Engravable 5-inch Solid Brass Abney Level
Dimensions & Weight:
5 inches (12.7 cm) long (telescope collapsed), 1 1/4 inches (3.2 cm) wide, 2 1/4 inches (5.7 cm) tall
7 1/8 inches (18.1 cm) long when telescope fully extended
6.3 ounces (179 grams)
Name after Captain William Abney of the School of Engineering in Chatham, England
Used to measure the vertical angle or inclination
Also referred to as an Angle Sextant
This is a solid brass reproduction of an Abney Level. The Abney level is named after Captain William Abney of the School of Engineering in Chatham, England. Also referred to as an Angle Sextant, the Abney level is used to measure the vertical angle or inclination. It consists of a telescope and an adjustable tubular spirit level which is connected to a vertical scale marked in both slope and degrees. When viewing through the eyepiece, there is a horizontal index line that is aligned over the object being measured, and adjacent to the object is a reflected image of the tubular spirit level as viewed from underneath. The level is adjusted until the bubble is centered and aligned to the horizontal index line. The angle of inclination or declination is then read from the vernier scale.

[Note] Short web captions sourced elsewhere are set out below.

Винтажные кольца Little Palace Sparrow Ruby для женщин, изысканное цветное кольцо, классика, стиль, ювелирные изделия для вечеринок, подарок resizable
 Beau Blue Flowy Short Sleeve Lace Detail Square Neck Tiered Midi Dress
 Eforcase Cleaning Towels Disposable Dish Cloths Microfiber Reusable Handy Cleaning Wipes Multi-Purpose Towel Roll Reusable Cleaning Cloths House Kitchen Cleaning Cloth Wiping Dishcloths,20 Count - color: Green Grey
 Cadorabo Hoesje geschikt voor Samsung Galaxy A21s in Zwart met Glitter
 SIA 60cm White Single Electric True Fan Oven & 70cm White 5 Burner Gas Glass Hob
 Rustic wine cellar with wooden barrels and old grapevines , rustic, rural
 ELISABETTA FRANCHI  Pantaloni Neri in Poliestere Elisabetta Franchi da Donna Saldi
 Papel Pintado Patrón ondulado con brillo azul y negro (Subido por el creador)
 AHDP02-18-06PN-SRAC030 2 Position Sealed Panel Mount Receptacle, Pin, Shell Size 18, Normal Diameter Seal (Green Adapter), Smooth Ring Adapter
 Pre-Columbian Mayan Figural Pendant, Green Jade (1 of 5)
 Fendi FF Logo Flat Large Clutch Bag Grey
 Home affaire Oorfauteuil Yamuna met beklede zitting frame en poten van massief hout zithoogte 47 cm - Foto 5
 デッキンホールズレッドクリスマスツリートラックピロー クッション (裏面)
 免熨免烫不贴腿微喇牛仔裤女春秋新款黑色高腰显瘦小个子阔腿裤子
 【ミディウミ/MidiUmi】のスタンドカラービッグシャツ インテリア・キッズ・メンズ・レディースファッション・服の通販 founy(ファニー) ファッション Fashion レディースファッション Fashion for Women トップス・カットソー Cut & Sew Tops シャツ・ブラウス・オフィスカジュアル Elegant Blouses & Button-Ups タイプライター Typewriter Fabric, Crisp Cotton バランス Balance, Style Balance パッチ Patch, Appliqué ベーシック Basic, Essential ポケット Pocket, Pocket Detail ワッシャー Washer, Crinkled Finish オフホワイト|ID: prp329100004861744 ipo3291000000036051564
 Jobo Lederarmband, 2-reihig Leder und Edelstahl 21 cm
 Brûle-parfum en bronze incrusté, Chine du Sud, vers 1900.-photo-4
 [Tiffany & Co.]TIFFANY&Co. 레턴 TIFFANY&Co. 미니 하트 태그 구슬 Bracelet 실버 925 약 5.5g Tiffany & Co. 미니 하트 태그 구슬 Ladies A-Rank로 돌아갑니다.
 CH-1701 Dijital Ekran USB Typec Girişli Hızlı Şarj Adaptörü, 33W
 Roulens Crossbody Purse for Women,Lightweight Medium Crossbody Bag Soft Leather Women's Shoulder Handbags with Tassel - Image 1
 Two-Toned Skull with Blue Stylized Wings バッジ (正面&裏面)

This Abney Level is 5 inches (12.7 cm) long and 7 1/8 inches (18.1 cm) when the 1-power telescope is extended. The level has a 1 1/4 inch (3.2 cm) radius scale with a magnifier to assist in reading the vernier. The spirit level has two adjustment screws. The Abney Level measures 2 1/4 inches (5.7 cm) tall, 1 1/4 inches (3.2 cm) thick, and weighs 6.3 ounces (179 grams). The side of the level is engraved "Stanley London." This antique reproduction Abney Level is fully functional but is not certified accurate.